Ilse de Lange
2 minute read
6 Jan 2018
8:10 am

Man with ‘second-hand’ ankle wins damage case

Ilse de Lange

A Limpopo man who was left with a 'second-hand ankle' after first being assaulted by police and then neglected at provincial hospitals must be compensated, the High Court in Pretoria has ruled.

Picture: Thinkstock

Judge Dawie Fourie rejected the Health MEC’s contention that the police were to blame for EM Maphosa’s injuries and that it had not been possible to treat him properly due to overcrowding and lack of resources.

Maphosa was taken to Musina Hospital in March 2010, after his ankle was badly fractured during a police assault. He was transferred to Tshilidzini Hospital and then back to Musina without his ankle being operated on.

Then he was discharged with part of the wound still open and unable to walk without crutches. He was only admitted to Polokwane Hospital about four months later. Then he had to wait another two weeks because of a “backlog” and was transferred to a third state hospital where he had surgery on his ankle for the first time.

An orthopaedic surgeon testified that Maphosa’s injury could become a life-threatening condition if it was not properly treated within a short time-frame. Maphosa should have had an operation the same day, not three months later, and now had a second-hand ankle, he added.

He said a waiting period of about four months amounted to severe negligence. He also pointed out that the surgery resulted in severe post-traumatic osteoarthritis in the ankle, which became non-functional and needed immediate and urgent further surgery.

Thereafter Maphosa has to wear a special brace for the rest of his life.
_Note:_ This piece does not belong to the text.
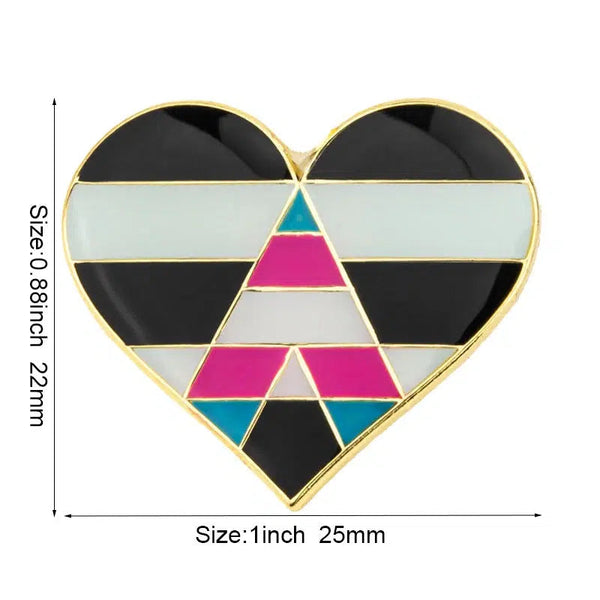 Pride Flag Lapel Pin Collection - LGBTQIA2S+ Enamel Pin Flag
Judge Fourie said there was no doubt the consequences he suffered and those he will endure in future, such as loss of the amenities of life, pain, suffering, loss of earnings, further hospital and medical treatment and disability, should have been foreseeable by the medical staff.

The department’s attempt to blame the system was not supported by evidence and it could not be accepted that the hospital staff were unable to treat him timeously because of financial constraints, he added.

He ruled that the Health MEC was 100% liable for damages, the amount of which will be determined at a later stage.